ボッシュ、自動運転など先進運転支援部門の売上高が15%増に…2019年見通し

自動運転を含めた先進運転支援システム(ADAS)部門の2019年の売上高が、2018年の20億ユーロからおよそ15%伸びて23億ユーロ規模に達するとの見通しを発表したボッシュ取締役会フォルクマル・デナー会長
ボッシュ(Bosch)は5月9日、自動運転を含めた先進運転支援システム(ADAS)部門の2019年の売上高が、2018年の20億ユーロからおよそ15%伸びて、23億ユーロ規模に達するとの見通しを発表した。

ボッシュの研究開発における中心的なテーマのひとつが、自動運転だ。交通事故のないモビリティ実現に向けた事業の一環として、ボッシュは2つの開発路線を展開している。その1つが、部分的な自動運転(レベル2/レベル3)を可能にする先進運転支援システムだ。ボッシュはこの分野において、テクノロジー、市場シェアの両面でリーダーとしての地位を築いているという。

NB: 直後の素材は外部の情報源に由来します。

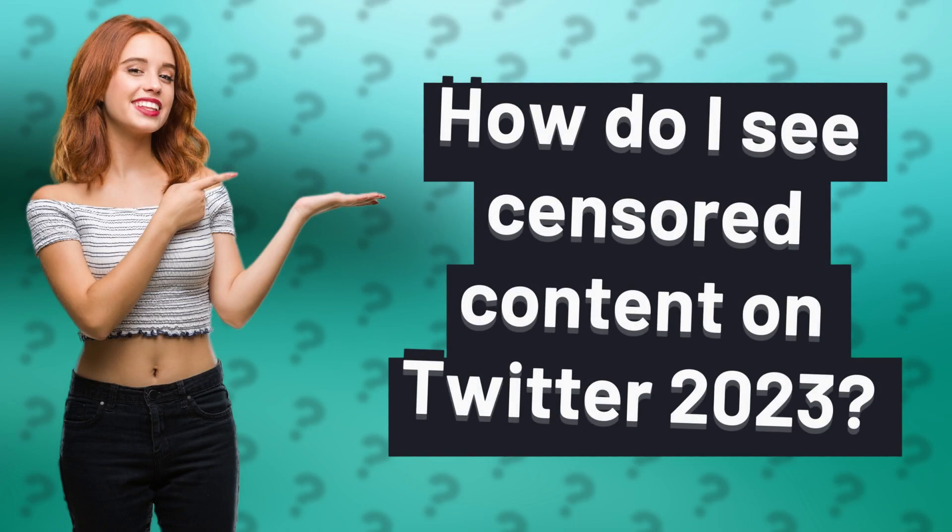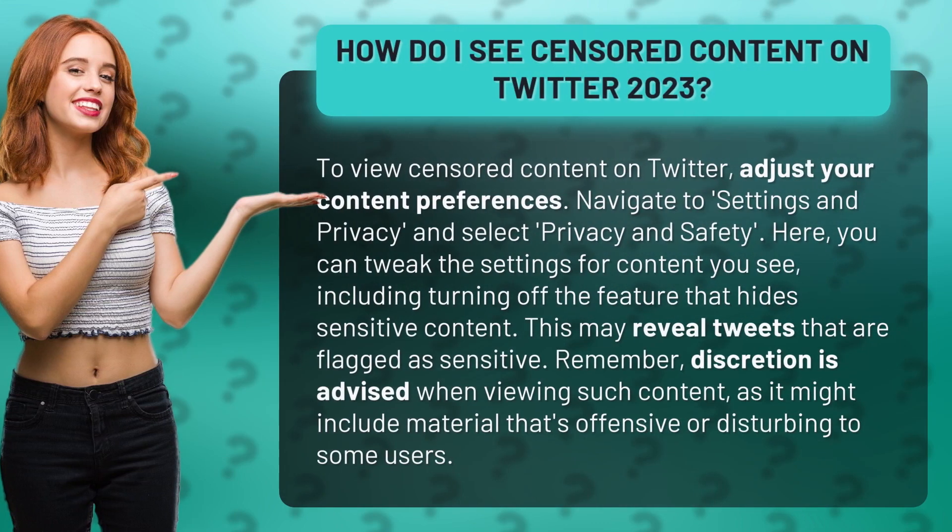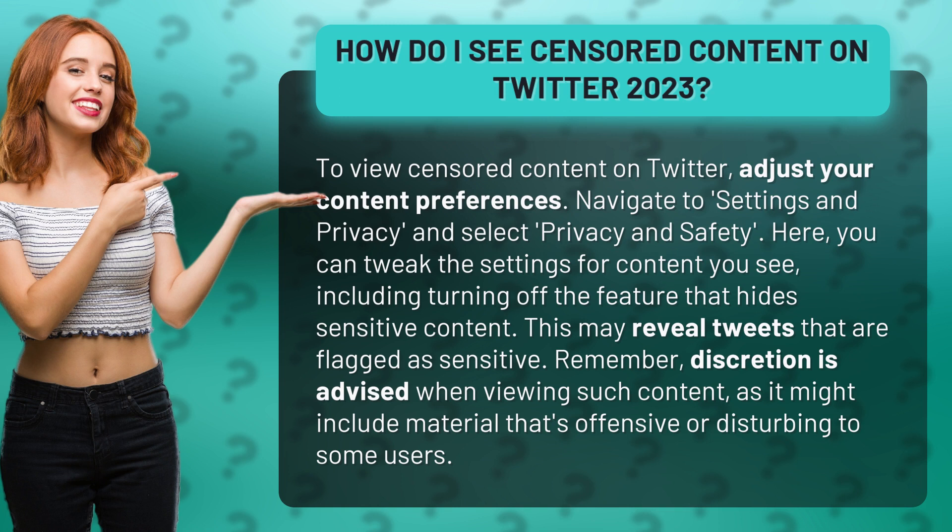How do I see censored content on Twitter 2023? To view censored content on Twitter, adjust your content preferences. Navigate to Settings and Privacy, and select Privacy and Safety.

2つ目の開発路線となるのが、2020年代初めにスタートするドライバーレスの自動運転(レベル4/レベル5)だ。ボッシュは、ドライバーレスの自動運転が個々のモビリティを根本から変え、ロボットタクシーやシャトルベースのモビリティなど、常識を覆すビジネスモデルへとつながっていくと見込む。

ボッシュでは現在、2年前の約2倍のおよそ5000人のエンジニアが自動運転の開発に携わっている。ボッシュは、自動運転は技術的に複雑であり、今後は投資が焦点になると考え、2022年までに総額40億ユーロの投資を行うことを決めている。

ボッシュは2019年、レーダーセンサーの売上高が20%、ビデオセンサーの売上高が30%増加すると予測している。ボッシュ取締役会フォルクマル・デナー会長は、「自動運転は将来性のある分野という枠を超え、すでに現在の段階で、ボッシュにとっての成長分野になっている」と述べている。